Even when the 1886 Peace Treaty failed to resolve the Modakeke Question, the 'Offa Question' and the Ijebu imbroglio, Timi Lagunju continued to liaise with the Oluwo of Iwo, Ibadan authorities and representatives of the Lagos Government towards finding a lasting solution to the crisis. Governor Alfred Moloney's commissioners, H. Higgins and Oliver Smith, had to spend some days in Ede in March 1890." The party later left Ede for Oyo in pursuit of the peace mission. Timi Lagunju appeared to have totally agreed with the Ibadan terms of peace as the peace declaration of May–June 1890 tended to suggest. Johnson states:

... This declaration was to be signed (by the Alaafin), also by the Oluwo, the Timi of Ede, the Bale of Ogbomoso and the Aseyin of Iseyin. On the 10th of May, the writer (Johnson) accompanied by Obakosetan started with a copy of the declaration. The Oluwo signed it on the same day, the lbadan Chiefs at Ikirun signed it on the 16th, the Timi of Ede's signature, the Ibadan Chiefs thought it was not necessary, being a subordinate chief to lbadan and what the Balogun of Ibadan signed was enough for him.... The Aseyin amidst the excitement of the Dahomian invasion signed the declaration on the 2nd of June, 1890.

==Deposition and after==
The deposition of Timi Abibu Lagunju and his exile to Ibadan marked the end of an era in Ede history. Traditionalists who accepted Islam because of Timi Lagunju reverted to their gods. Muslims were also persecuted by traditionalists. To save their lives from persecution from these traditionalists and families, many of them fled to Owon-la-rogo compound which has been renamed as Imale Compound where they practiced their religion. Meanwhile, the leaders of Islam in the town made efforts, despite persecution by the traditionalists to continue to promote Islam. Such leaders include Zulu Qarneen, son of Noah.

His deposition was displeasing to Oyo authorities and Ibadan rulers who had come to regard Lagunju as one of the greatest statesmen and nationalists of the age. He was well known and respected by the Ibadan leaders. He had contributed to all Ibadan war efforts since the 1850s and had participated actively in the peace process. To the new Ibadan leaders, Lagunju was also a contemporary and friend of their fathers. For these reasons the Ibadan leaders felt that the deposed Lagunju should be restored to the throne of his ancestors. These leaders included Balogun Ajayi Osungbekun, Maye Osuntoki, Abese Kongi, son of Basorun Ogunmola, and Sunmonu Apampa. As the Ekitiparapo war was coming to a conclusive end and camps were being broken up, the Ibadan leaders still planned to spend about two days in Ede to reconcile Lagunju and the people in the town but the colonial government aborted this. Johnson states:

The Ibadans had wanted to stop a day or two at Ede to compose the difference between the people and the Timi Lagunju, who had been deposed by them but they were hurried homewards so that they could not do so. Thus, ended the sixteen years war.... The lbadan army arrived behind their town wall on the 22nd March 1893.

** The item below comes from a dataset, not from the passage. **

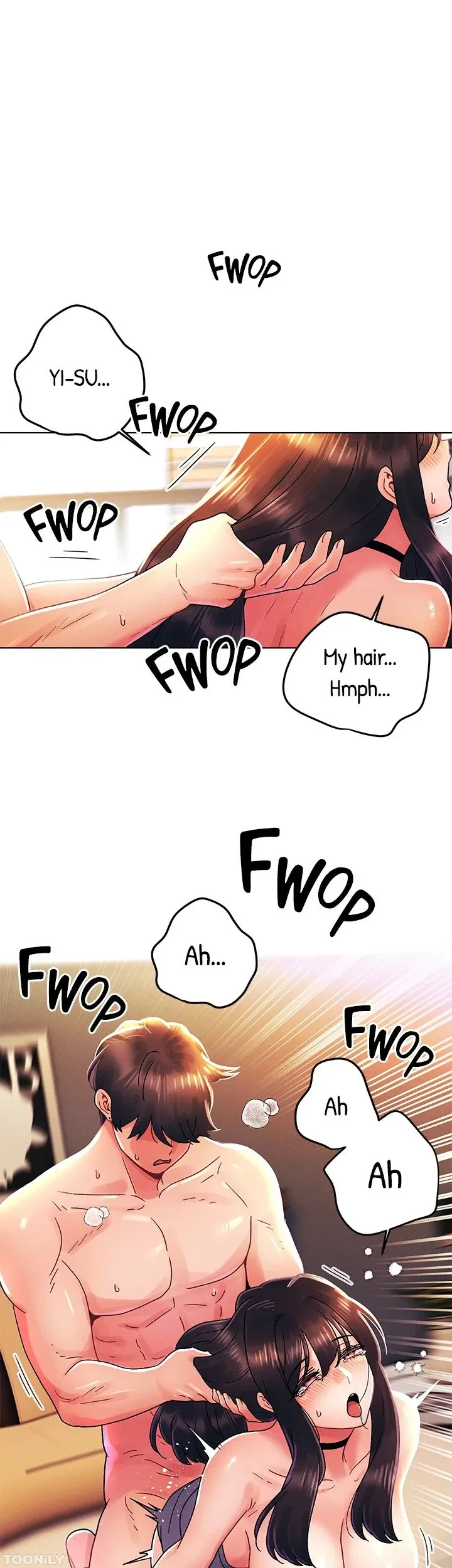 Epilogue 1, page 23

With his deposition, Lagunju came to accept his fate as an exile in Ibadan and he lived as a guest of Sunmonu Apampa, the post-1893 Asipa of Ibadan. Successive Baales of Ibadan between 1893 and 1900: Fijabi, Osuntoki and Fajinmi were very kind and nice to him. Similarly, the Balogun of the period, Akintola, accorded him immense respect. However, in spite of the good treatment and respect accorded him by the Ibadan leaders, Lagunju still carried the prayers for his reinstatement to the Alaafin of Oyo, Adeyemi, his suzerain around 1894 or early 1895. Alaafin Adeyemi I was quite sympathetic to Lagunju and subsequently took up the matter with Captain Bower but without success. In fact, Adeyemi I clashed with Bower over the Lagunju case as Samuel Johnson testifies: Then came the clash with Oyo over the case of Lagunju the ex-Timi of Ede, who appealed to his Suzerian to exert his good offices to restore him to his posts.
And again with the humiliation of lbadan leaders in 1894 and the military bombardment of Oyo in 1895, Lagunju came to accept that he had finally lost the battle for his reinstatement and a new era had dawned. Lagunju died in 1900. With his death, the Ede Muslims had lost a friend, a helper, a sympathiser, a leader and a Mujaddid.